She was announced as the winner by chair of the judging panel, Africa Centre director Kenneth Olumuyiwa Tharp, on 27th July, in a documentary film about the prize. The award is given annually for a short story by an African writer published in English.
Billed as “a heartwrenching account of loss, fractured identity and bereavement”, Okojie's winning tale tells the story of Sidra, a woman whose life is consumed with guilt. In a devastating tragedy, 13-year-old Sidra loses her entire family to a fire that destroys their flat. Years later, Sidra finds herself working as an impersonator of the famous Jamaican singer, model and actress Grace Jones.

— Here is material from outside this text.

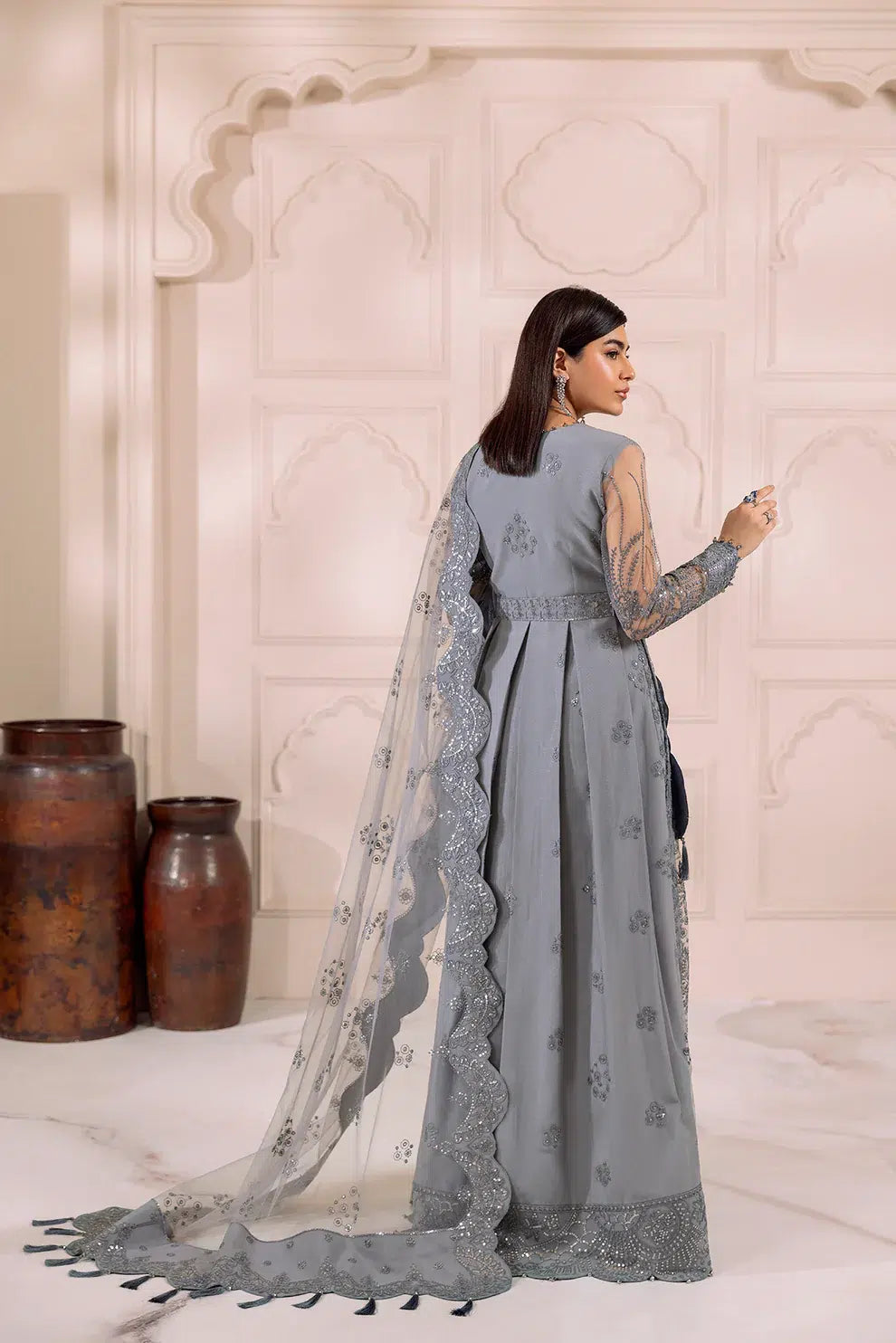 Alizeh | Dua Formals 23 | DUA-V01D01B- KHIRAD ( GREY ) - Khanumjan  Pakistani Clothes and Designer Dresses in UK, USA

Okojie's debut novel Butterfly Fish (Jacaranda) won a Betty Trask award and was shortlisted for an Edinburgh International First Book Award. Her short story collection Speak Gigantular (Jacaranda) was shortlisted for the Edgehill Short Story Prize, the Jhalak Prize and the Saboteur Awards, and nominated for a Shirley Jackson Award.

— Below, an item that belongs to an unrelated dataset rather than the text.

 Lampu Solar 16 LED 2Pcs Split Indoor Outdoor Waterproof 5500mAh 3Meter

Tharp said: “This year’s winner of the AKO Caine Prize for African Writing is a radical story that plays with logic, time and place; it defies convention, as it unfolds a narrative that is multi-layered and multi-dimensional. It is risky, dazzling, imaginative and bold; it is intense and full of stunning prose; it’s also a story that reflects African consciousness in the way it so seamlessly shifts dimensions, and it’s a story that demonstrates extraordinary imagination. Most of all, it is world-class fiction from an African writer."
He added: “In the wake of the Black Lives Matter movement, which has prompted deeply powerful questions about race, justice and equality in the world today, this story offers a salient exploration of what it can mean to embody and perform Blackness in the world. This is a story of tremendously delicate power and beauty, and one in which we recognise the tradition of African storytelling and imagination at its finest.”